Ugo Foscolo in “Le ultime lettere di Jacopo Ortis” descrive la cena di una famiglia veneta, in una sera di maggio, durante la quale veniva servita una minestra di bruscandoli raccolti nei campi quello stesso giorno. Sono spesso confusi con gli asparagi, ma non sono altro che i germogli del luppolo selvatico (Humulus lupulus). Questi giovani apici si inerpicano tra i rovi che crescono lungo i fiumi e i fossati e si raccolgono nel periodo che va da fine marzo a maggio. La pianta può crescere 4-5 metri all’anno, ma se ne mangiano solo gli ultimi 20 centimetri, e più sono grossi più sono gustosi. Il sapore è delicato, a metà tra gli spinaci e gli asparagi, ed è amarognolo e dolce allo stesso tempo, inoltre hanno ottime proprietà depurative.

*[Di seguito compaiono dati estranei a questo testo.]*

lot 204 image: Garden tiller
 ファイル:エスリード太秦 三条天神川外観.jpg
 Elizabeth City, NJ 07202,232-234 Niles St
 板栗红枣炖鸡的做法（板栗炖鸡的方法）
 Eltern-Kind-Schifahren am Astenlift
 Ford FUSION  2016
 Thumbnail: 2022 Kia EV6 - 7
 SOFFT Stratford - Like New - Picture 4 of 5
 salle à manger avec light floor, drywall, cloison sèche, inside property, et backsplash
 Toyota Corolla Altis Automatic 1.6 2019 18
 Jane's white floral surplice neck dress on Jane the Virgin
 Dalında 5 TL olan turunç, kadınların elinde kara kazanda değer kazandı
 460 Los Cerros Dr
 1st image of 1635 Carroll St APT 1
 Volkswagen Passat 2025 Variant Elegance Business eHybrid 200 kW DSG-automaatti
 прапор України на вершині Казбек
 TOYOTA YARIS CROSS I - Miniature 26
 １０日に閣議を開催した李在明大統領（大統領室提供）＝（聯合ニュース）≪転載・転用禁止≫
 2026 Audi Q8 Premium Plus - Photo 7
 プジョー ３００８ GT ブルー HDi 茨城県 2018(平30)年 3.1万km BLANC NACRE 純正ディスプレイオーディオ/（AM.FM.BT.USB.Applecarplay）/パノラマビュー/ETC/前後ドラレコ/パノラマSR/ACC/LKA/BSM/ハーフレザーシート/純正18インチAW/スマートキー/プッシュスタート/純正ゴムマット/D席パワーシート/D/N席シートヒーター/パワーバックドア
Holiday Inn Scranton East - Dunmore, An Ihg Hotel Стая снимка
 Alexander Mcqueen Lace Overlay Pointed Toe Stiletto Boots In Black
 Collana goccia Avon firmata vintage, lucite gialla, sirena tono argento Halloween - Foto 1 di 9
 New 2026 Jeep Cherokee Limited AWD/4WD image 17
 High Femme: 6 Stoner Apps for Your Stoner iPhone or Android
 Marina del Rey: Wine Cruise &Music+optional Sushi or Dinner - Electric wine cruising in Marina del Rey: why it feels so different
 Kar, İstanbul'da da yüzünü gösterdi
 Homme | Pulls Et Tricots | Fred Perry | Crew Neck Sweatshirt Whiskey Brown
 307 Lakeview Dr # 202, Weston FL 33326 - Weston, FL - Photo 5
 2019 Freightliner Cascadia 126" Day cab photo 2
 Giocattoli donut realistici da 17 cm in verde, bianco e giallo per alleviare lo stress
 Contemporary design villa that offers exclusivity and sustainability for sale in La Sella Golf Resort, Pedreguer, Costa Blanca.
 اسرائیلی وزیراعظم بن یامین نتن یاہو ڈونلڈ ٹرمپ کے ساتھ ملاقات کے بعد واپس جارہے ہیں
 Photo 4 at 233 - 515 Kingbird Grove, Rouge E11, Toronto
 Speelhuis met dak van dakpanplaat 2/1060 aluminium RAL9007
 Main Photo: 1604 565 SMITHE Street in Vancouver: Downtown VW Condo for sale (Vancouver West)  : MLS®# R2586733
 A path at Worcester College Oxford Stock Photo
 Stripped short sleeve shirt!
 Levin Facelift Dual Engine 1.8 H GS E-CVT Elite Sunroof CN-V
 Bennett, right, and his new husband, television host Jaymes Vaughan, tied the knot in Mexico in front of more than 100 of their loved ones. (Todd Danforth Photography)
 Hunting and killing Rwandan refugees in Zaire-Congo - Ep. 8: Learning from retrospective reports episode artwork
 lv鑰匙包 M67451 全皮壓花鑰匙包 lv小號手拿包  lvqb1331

Gli usi tradizionali dei bruscandoli spaziano dalle minestre, tra le quali quella più tipica è quella con bruscandoli e riso, molto simile ai risi e bisi, alle frittate oppure possono essere consumati lessati, anche se la ricetta che rende più giustizia al bruscandolo è sicuramente il risotto.

Altri germogli molto apprezzati sono i rustegot, gli apici del pungitopo (Ruscus aculeatus), utilizzati per frittate, risotti oppure per aromatizzare la grappa, e la barba di capra (Aruncus dioicus), conosciuta in dialetto trevigiano come sparasina, della quale vengono consumati i germogli di colore rossastro raccolti in aprile.

Diverse sono, invece, le rosoline, ovvero le foglie di papavero che vengono raccolte in primavera, quando la pianta non ha ancora il fiore e vengono consumate lessate, solitamente insieme a un’altra erba, il tarassaco o “dente di leone”, del quale si utilizzano sia le foglioline che i fiori, quando non sono ancora sbocciati.
Tra le piante spontanee è usatissima l’ortica, che dopo la cottura perde le sue caratteristiche urticanti e diventa un ottimo ingrediente per la preparazione di gnocchi e risotti.

La natura fugace di queste erbe, data la loro stagionalità, le rende impossibili da trovare in altri periodi dell’anno, quindi non resta che fare una passeggiata tra i campi, lungo i corsi d’acqua per arrivare alle colline e riscoprire queste erbe che da secoli fanno parte della nostra tradizione.